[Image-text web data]
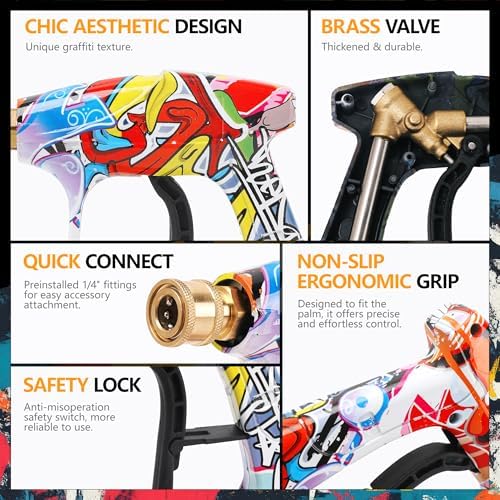 Pressure Washer Short Gun 4000 PSI High Pressure Power Washer Gun with M22-14mm Inlet and 1/4 Inch Quick Connector Heavy Duty Spray Gun for Foam Cannon Car Wash - Image 5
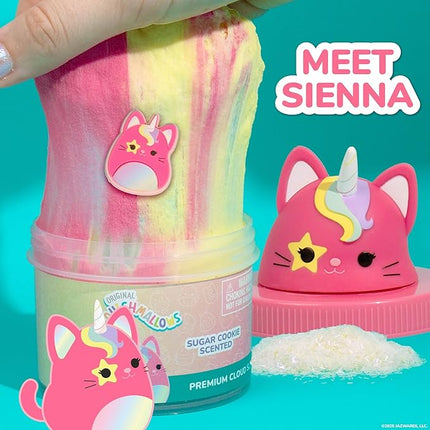 Original Squishmallows Sienna the Caticorn Premium Cloud Slime, Sugar Cookie-Scented, 8 oz., Storage Container with Figurine Topper, Rubber Charm, Goodie Bags Stuffers, Kids Party Favors, Sensory Toys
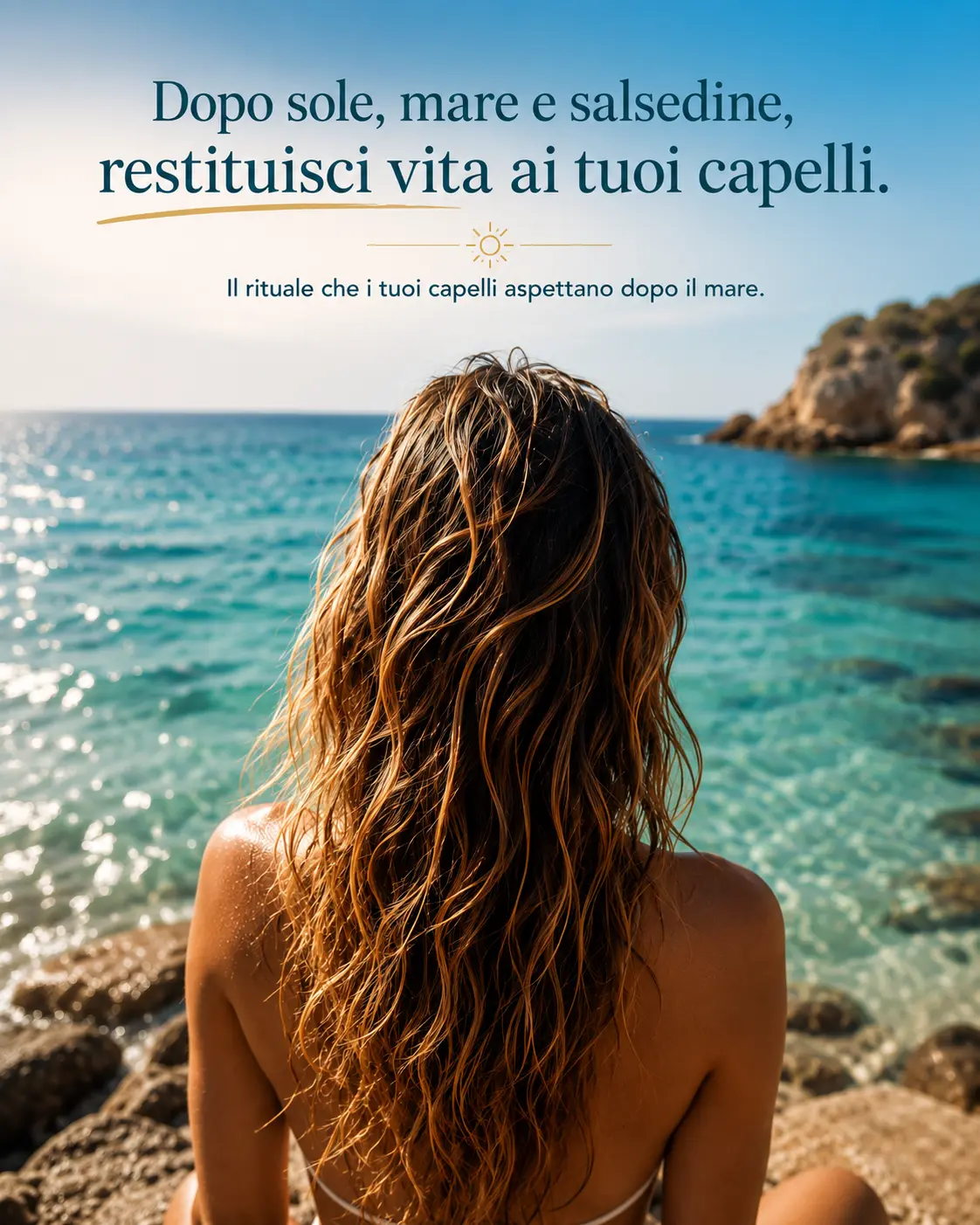 Donna al mare con capelli secchi e stressati dal sole, immagine che rappresenta la necessità di un trattamento nutriente e protettivo come il Sun Repair Kit.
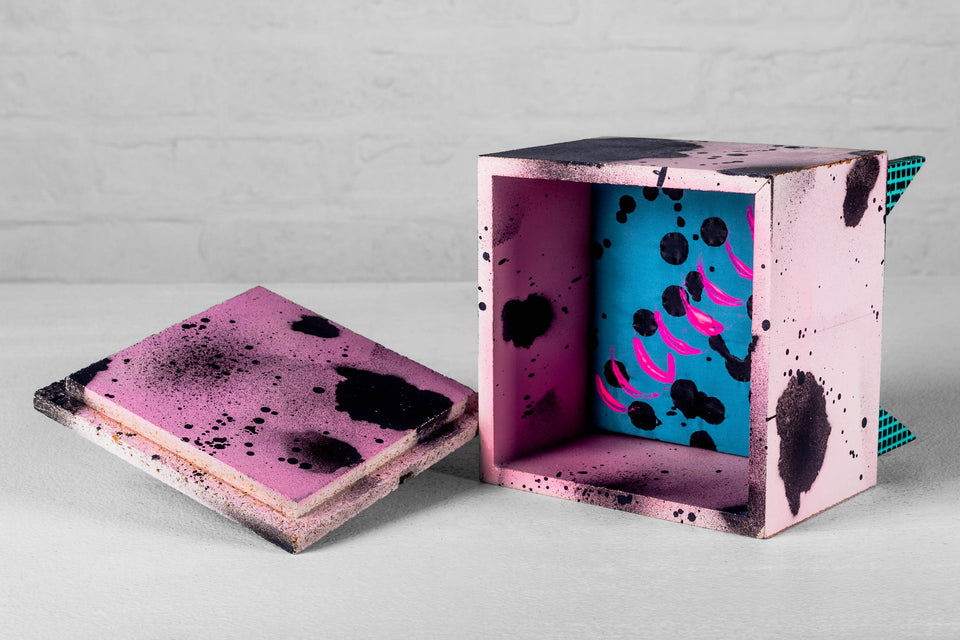 Pink Flamingo, 1980s Lacquered Jewelry Box by Hollis Fingold, Signed USA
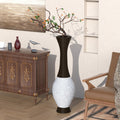 39 Inch Tall Standing Designer Floor Vase Durable Artificial Rattan Elegant Two Tone Dark Brown Finish Ideal Decor Accent For Living Room, Bedroom, Entryway Stylish Home Decor Statement Piece White Black American Design,American Traditional,Antique Pvc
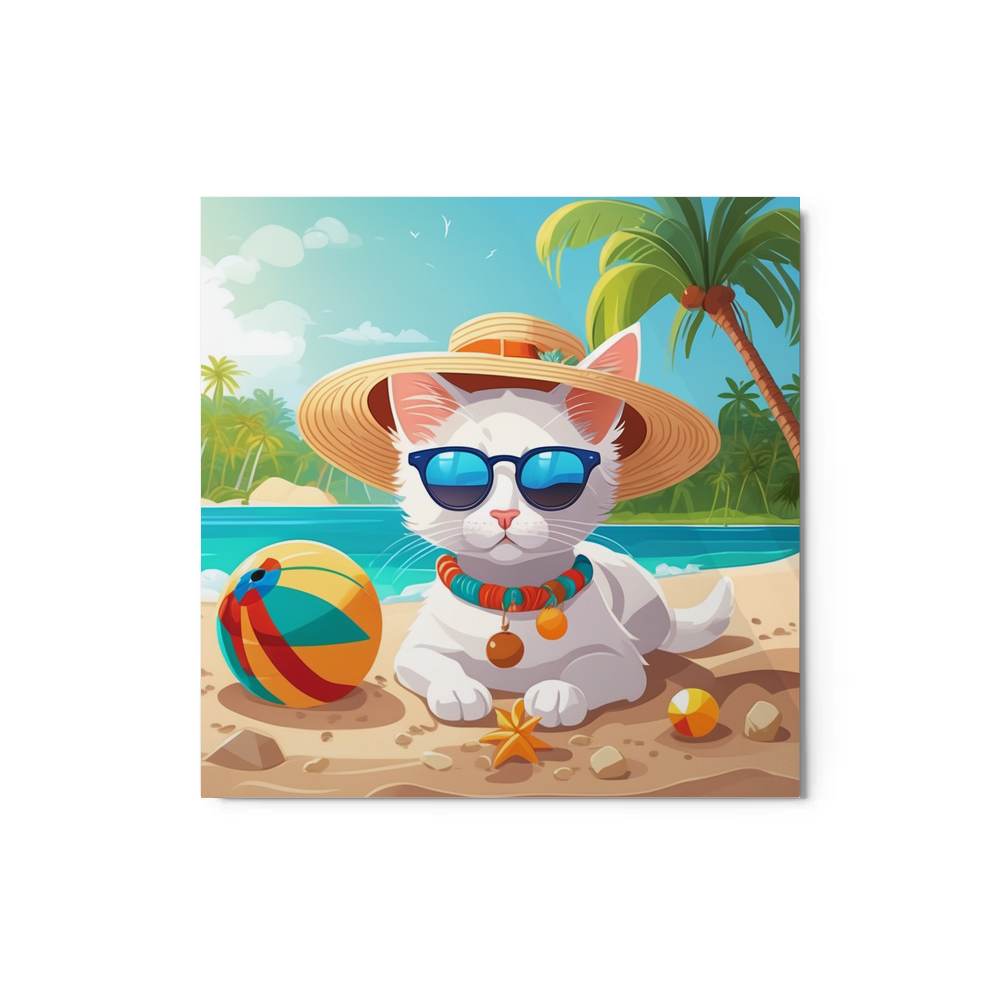 PugMug Custom White Companion Cat Metal Print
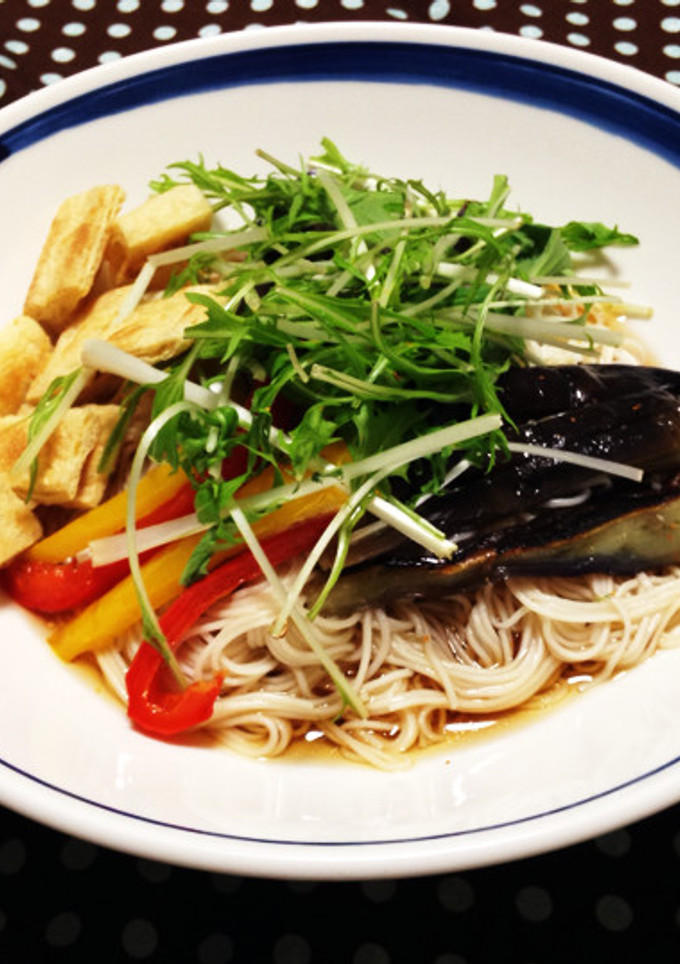 焼きなすと油揚げのさっぱり素麺★-レシピのメイン写真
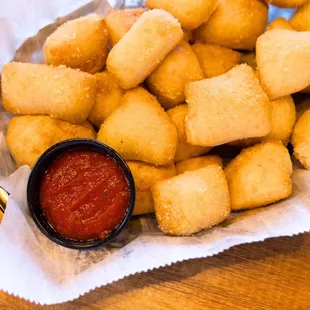 a basket of tater tots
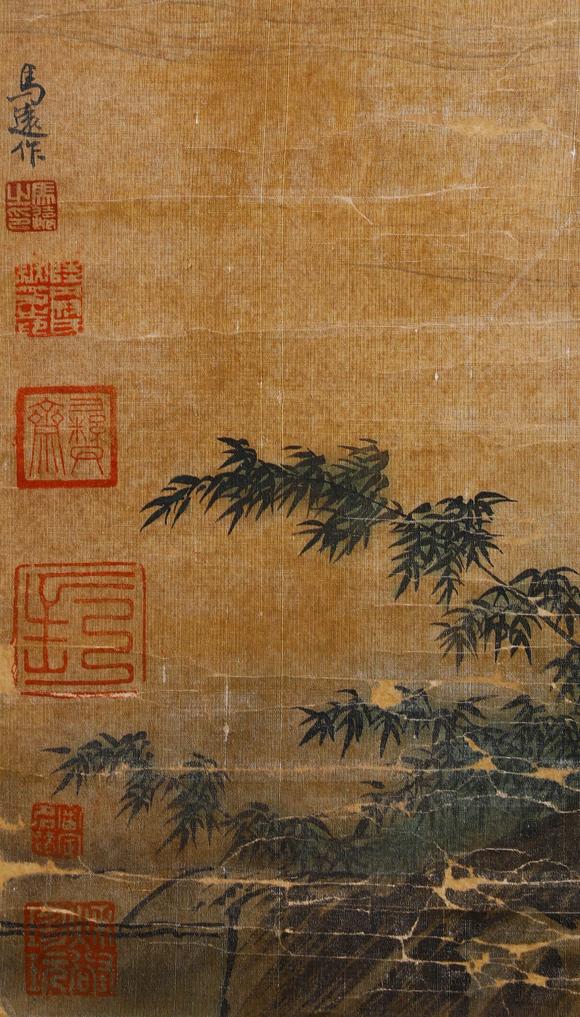 Cascade'sVertical axis of waterfall view in Benxi, Mayuan silk | 馬遠絹本溪觀瀑圖立軸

# WHAT IS REQUIRED
Reproduce each entry word for word and cut the images.

# EXERCISE RESULT
 Pressure Washer Short Gun 4000 PSI High Pressure Power Washer Gun with M22-14mm Inlet and 1/4 Inch Quick Connector Heavy Duty Spray Gun for Foam Cannon Car Wash - Image 5
 Original Squishmallows Sienna the Caticorn Premium Cloud Slime, Sugar Cookie-Scented, 8 oz., Storage Container with Figurine Topper, Rubber Charm, Goodie Bags Stuffers, Kids Party Favors, Sensory Toys
 Donna al mare con capelli secchi e stressati dal sole, immagine che rappresenta la necessità di un trattamento nutriente e protettivo come il Sun Repair Kit.
 Pink Flamingo, 1980s Lacquered Jewelry Box by Hollis Fingold, Signed USA
 39 Inch Tall Standing Designer Floor Vase Durable Artificial Rattan Elegant Two Tone Dark Brown Finish Ideal Decor Accent For Living Room, Bedroom, Entryway Stylish Home Decor Statement Piece White Black American Design,American Traditional,Antique Pvc
 PugMug Custom White Companion Cat Metal Print
 焼きなすと油揚げのさっぱり素麺★-レシピのメイン写真
 a basket of tater tots
 Cascade'sVertical axis of waterfall view in Benxi, Mayuan silk | 馬遠絹本溪觀瀑圖立軸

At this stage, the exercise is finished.